> **Aim of the exercise**
Somewhere below is a line with "Ac Dc-stiff Upper" and, later, a line with "Lot #285 Moses Montefiore - Image 1"; repeat those two lines and all the lines between them, exactly as they are.

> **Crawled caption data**

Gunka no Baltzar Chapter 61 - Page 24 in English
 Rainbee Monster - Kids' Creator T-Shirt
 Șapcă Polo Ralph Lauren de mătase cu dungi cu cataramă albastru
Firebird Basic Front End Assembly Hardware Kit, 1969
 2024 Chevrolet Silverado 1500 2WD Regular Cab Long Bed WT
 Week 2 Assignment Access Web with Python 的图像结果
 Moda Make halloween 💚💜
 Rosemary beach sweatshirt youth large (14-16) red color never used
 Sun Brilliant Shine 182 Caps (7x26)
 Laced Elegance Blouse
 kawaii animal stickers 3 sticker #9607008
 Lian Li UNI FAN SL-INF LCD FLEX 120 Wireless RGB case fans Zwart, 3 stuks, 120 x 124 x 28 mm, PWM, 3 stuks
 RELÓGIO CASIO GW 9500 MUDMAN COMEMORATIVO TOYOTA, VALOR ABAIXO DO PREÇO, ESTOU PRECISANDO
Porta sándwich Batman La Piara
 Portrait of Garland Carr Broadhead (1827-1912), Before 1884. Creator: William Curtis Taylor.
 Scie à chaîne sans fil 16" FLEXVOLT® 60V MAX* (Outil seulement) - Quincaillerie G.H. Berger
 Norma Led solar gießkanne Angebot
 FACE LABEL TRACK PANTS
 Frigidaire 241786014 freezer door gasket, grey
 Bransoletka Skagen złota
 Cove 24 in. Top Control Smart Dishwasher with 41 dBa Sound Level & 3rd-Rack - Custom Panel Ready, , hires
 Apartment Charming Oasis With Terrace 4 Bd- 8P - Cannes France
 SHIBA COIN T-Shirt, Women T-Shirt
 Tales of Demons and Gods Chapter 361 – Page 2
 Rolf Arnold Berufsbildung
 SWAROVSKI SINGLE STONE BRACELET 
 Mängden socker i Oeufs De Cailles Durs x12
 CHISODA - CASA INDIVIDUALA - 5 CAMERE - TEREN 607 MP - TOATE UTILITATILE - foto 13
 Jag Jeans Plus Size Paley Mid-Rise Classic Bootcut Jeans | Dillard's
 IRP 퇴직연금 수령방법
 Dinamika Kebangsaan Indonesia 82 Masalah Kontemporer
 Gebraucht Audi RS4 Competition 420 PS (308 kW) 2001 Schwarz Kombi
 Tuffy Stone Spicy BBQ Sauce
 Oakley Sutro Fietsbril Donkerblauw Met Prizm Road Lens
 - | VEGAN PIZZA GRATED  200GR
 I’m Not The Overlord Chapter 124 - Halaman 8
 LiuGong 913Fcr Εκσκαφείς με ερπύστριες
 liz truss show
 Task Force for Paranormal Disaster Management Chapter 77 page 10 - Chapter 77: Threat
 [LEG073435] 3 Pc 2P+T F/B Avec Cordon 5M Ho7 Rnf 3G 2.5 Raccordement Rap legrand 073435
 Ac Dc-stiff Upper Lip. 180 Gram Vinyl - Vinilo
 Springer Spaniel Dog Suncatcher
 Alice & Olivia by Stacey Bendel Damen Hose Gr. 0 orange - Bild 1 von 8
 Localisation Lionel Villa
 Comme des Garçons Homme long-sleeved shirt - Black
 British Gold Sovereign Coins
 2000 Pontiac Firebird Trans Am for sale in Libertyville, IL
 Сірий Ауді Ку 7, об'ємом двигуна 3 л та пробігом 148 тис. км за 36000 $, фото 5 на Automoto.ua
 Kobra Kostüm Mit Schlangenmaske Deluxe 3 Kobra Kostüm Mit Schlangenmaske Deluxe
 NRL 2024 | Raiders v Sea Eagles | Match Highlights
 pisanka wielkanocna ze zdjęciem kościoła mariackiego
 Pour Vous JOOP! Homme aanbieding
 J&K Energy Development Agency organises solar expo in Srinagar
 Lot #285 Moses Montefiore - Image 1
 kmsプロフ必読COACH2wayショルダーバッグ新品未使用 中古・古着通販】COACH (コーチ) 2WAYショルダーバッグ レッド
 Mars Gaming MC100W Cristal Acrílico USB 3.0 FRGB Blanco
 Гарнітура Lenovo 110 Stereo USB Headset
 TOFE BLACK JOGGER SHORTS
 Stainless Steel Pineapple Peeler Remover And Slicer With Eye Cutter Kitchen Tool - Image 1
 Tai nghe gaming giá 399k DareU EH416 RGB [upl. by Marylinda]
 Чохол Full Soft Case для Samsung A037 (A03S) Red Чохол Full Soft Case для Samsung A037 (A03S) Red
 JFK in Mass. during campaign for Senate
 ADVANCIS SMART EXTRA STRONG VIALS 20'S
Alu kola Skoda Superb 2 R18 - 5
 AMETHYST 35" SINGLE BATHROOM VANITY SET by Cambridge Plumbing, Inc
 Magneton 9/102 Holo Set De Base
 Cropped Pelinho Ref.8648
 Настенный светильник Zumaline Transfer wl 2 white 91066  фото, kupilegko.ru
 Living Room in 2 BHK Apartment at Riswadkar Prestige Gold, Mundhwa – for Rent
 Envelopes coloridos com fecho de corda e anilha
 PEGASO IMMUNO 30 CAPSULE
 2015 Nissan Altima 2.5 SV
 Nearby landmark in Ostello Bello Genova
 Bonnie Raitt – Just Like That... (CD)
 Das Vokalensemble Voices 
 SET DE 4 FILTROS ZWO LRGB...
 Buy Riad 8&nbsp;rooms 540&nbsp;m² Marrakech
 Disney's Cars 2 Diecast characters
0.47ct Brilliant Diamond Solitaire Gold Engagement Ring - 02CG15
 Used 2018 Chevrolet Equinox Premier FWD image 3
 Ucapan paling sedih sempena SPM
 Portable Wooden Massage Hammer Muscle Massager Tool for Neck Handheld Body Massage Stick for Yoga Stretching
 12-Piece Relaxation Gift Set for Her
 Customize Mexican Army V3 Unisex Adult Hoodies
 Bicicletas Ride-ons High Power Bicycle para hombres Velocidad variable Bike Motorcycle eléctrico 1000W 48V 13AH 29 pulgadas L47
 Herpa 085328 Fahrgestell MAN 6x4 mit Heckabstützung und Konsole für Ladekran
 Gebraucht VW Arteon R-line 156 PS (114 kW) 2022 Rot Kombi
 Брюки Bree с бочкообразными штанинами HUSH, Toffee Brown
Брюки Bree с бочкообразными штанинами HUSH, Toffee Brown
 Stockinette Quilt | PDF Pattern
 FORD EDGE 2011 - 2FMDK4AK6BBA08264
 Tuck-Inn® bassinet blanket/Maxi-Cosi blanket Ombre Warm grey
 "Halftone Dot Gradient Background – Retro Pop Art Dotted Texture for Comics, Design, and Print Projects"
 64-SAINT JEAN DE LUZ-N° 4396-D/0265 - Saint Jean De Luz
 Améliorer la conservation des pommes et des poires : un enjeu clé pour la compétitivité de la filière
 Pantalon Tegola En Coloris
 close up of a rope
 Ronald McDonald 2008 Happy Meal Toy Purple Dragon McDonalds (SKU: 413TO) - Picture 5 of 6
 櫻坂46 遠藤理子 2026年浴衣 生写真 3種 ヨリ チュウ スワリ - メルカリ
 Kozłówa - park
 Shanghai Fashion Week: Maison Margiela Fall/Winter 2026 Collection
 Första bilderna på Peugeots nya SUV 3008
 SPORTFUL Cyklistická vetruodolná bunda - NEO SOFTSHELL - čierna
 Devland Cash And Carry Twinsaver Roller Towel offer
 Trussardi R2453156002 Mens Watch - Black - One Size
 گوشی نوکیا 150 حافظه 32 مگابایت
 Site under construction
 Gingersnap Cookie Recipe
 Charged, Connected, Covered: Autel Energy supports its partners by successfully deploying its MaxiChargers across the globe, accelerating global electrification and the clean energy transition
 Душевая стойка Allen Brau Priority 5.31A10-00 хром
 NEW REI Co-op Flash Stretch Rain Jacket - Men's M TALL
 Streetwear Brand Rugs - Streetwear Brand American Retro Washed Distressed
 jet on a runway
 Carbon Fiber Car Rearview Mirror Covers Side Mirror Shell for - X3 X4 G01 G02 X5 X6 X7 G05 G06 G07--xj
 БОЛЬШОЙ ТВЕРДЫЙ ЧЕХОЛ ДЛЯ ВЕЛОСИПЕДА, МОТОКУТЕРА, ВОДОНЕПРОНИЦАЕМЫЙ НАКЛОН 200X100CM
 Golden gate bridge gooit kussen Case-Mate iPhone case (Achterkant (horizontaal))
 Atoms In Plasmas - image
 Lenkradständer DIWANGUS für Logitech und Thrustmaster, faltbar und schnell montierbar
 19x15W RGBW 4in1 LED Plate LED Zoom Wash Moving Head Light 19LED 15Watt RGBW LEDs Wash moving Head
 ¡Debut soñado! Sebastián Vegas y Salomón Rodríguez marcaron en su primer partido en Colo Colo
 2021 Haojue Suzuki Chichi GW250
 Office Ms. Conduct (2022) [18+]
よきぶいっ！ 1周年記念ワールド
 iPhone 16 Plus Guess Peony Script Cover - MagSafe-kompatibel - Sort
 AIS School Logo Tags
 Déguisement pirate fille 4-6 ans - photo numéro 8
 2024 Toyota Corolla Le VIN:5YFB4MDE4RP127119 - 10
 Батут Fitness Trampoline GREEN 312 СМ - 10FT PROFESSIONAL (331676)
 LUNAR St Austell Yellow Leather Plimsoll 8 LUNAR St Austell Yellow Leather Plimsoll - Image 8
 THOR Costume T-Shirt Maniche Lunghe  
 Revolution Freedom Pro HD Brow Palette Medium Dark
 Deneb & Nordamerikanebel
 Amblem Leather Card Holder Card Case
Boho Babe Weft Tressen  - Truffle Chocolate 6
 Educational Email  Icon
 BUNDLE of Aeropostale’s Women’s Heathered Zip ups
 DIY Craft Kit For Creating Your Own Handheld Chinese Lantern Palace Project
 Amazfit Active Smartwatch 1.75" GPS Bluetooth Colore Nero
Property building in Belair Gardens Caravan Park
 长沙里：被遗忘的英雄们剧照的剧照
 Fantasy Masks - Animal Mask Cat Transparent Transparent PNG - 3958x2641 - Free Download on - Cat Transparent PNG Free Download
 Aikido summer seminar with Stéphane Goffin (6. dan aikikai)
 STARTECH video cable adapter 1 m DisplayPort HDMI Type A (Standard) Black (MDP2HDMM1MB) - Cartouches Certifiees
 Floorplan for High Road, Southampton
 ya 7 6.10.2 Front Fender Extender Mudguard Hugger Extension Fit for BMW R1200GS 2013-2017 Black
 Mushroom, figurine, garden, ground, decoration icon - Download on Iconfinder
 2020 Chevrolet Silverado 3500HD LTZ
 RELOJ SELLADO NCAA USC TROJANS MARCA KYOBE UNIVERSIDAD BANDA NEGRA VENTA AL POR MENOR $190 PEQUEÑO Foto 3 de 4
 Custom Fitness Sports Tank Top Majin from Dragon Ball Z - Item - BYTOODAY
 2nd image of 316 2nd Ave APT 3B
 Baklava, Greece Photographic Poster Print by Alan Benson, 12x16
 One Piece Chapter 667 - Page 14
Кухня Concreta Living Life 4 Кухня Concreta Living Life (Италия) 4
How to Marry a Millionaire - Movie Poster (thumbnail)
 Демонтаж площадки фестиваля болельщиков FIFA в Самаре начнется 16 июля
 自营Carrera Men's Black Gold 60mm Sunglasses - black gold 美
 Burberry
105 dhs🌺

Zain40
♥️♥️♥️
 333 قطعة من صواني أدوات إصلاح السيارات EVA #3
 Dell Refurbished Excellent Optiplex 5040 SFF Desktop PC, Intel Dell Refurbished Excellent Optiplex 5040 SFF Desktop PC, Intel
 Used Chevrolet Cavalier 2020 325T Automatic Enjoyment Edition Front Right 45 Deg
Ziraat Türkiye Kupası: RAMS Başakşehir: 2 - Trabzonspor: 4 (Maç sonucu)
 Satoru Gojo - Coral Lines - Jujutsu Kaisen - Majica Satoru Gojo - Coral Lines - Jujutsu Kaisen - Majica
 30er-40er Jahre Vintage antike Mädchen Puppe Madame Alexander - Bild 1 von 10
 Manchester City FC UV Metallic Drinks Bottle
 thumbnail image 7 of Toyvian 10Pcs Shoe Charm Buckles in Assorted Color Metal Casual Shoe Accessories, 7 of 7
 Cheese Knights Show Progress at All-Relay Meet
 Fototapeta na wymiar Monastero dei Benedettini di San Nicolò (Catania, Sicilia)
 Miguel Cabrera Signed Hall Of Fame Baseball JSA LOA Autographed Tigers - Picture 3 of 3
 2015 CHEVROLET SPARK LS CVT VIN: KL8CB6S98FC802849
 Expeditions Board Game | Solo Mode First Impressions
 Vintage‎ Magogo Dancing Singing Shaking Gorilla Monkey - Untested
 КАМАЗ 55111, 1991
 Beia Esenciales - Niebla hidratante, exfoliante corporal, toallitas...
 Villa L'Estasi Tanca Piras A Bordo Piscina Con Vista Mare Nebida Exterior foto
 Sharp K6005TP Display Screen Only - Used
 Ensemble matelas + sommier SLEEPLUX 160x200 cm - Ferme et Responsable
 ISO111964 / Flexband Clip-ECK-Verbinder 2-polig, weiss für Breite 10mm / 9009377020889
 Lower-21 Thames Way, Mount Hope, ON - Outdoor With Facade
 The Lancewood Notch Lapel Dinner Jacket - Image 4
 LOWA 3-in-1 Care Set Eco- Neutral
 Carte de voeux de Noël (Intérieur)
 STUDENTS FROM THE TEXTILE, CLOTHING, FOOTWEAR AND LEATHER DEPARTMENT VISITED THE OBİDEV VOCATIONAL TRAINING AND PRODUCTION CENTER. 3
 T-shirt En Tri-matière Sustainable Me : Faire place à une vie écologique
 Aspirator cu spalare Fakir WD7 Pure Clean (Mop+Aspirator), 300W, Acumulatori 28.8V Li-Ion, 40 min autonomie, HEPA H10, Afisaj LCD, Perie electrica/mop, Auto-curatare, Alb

> **Answer area**
 Ac Dc-stiff Upper Lip. 180 Gram Vinyl - Vinilo
 Springer Spaniel Dog Suncatcher
 Alice & Olivia by Stacey Bendel Damen Hose Gr. 0 orange - Bild 1 von 8
 Localisation Lionel Villa
 Comme des Garçons Homme long-sleeved shirt - Black
 British Gold Sovereign Coins
 2000 Pontiac Firebird Trans Am for sale in Libertyville, IL
 Сірий Ауді Ку 7, об'ємом двигуна 3 л та пробігом 148 тис. км за 36000 $, фото 5 на Automoto.ua
 Kobra Kostüm Mit Schlangenmaske Deluxe 3 Kobra Kostüm Mit Schlangenmaske Deluxe
 NRL 2024 | Raiders v Sea Eagles | Match Highlights
 pisanka wielkanocna ze zdjęciem kościoła mariackiego
 Pour Vous JOOP! Homme aanbieding
 J&K Energy Development Agency organises solar expo in Srinagar
 Lot #285 Moses Montefiore - Image 1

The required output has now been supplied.